As we look at the high yield bond market, it is important to have an understanding of the fixed income marketplace and the investment options within it. The first thing to note is the sheer size, which is massive (just under $40 trillion).1 Somewhat surprisingly, mortgages represent the second largest single subcategory of the bond market; this helps to explain why problems in the mortgage market nearly took down the entire financial system in 2008. The largest subcategory is U.S. Treasury debt.
Yet, a sizable 22% of the fixed income universe is represented by “corporate credit” through leveraged loans, high yield bonds and investment grade corporate bonds. What comes as a surprise to many investors is that the non-investment grade sector of loans and bonds has grown to become a major asset class, now over $2.2 trillion. After record issuance in the leveraged loan and high yield market in 2013, we saw 2014 levels near these records, indicating continued growth and that this segment of the market will likely continue to make up a larger percentage of the fixed income pie in the future.
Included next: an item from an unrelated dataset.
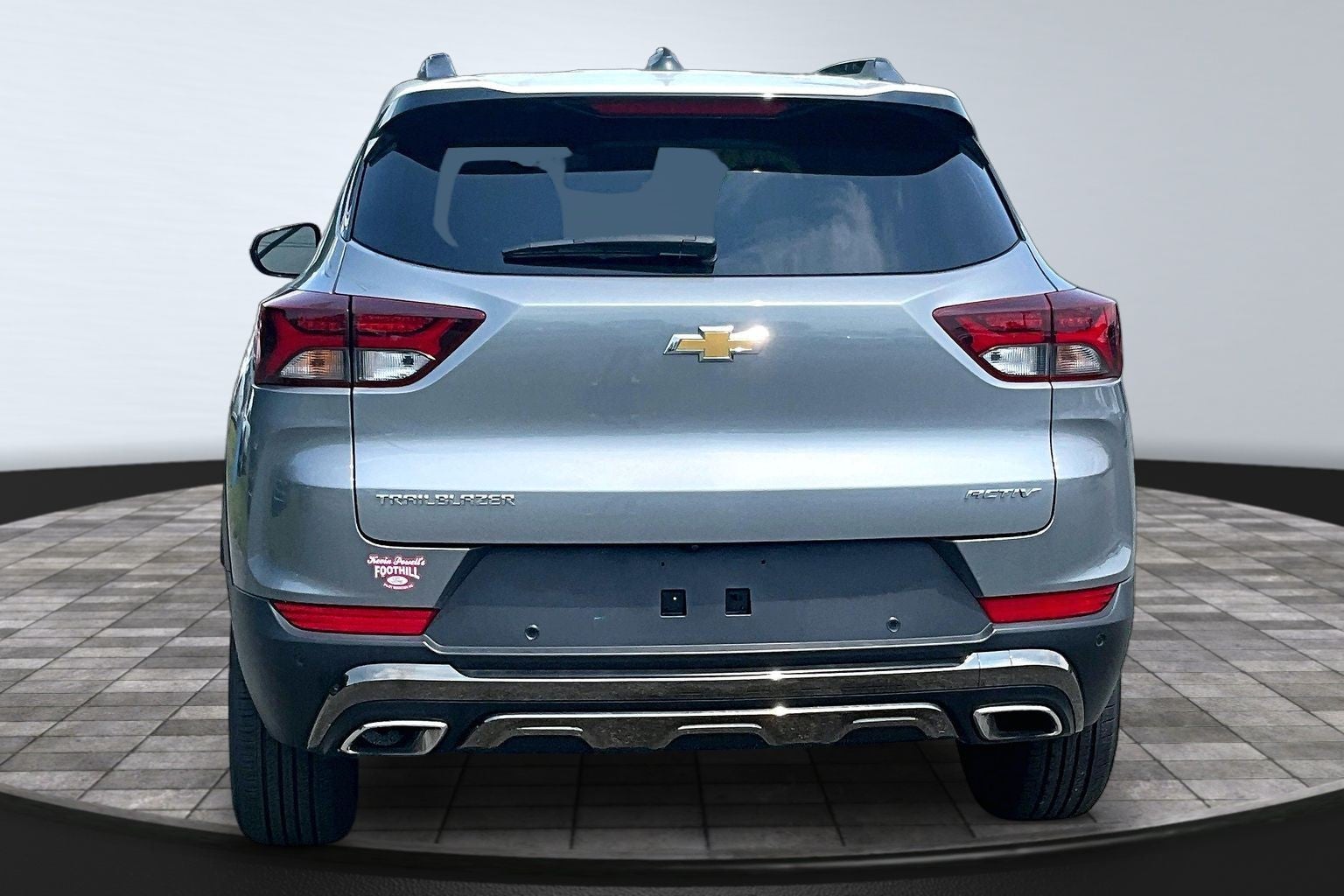 2023 Chevrolet Trailblazer ACTIV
By looking at the chart above, it is obvious that corporate credit plays a major role in financial markets, yet, for some reason, bonds have always been considered too complex for individual investors and often remain misunderstood. While it is true that large players, such as insurance companies, pension funds and banks, dominate the landscape, bonds at their core are simple. A bond is a loan. A company can issue debt (bonds) or equity (stock). The debt/bonds rank ahead of equities in a company’s capital structure, so are considered less risky. This ranking means that bondholders have a priority claim on the company’s cash flows and get paid first. Corporate bonds have a maturity and an interest rate, creating a contracted stream of income for bondholders. They typically pay this interest twice per year but trade with accrued interest, meaning that a buyer can buy the bond any time before the pay date but would have to pay the seller the accrued interest up to that point. The maturity is the date at which the issuer is obligated to pay the bondholder back the “par value” of the bonds. Companies generally have the ability to refinance at some point prior to that maturity, but must typically pay the bondholder a call, or tender premium (pre-payment penalty), to do so. This finite exit strategy, generally either via maturity or refinancing, is one of the great features that we see of bonds versus equities.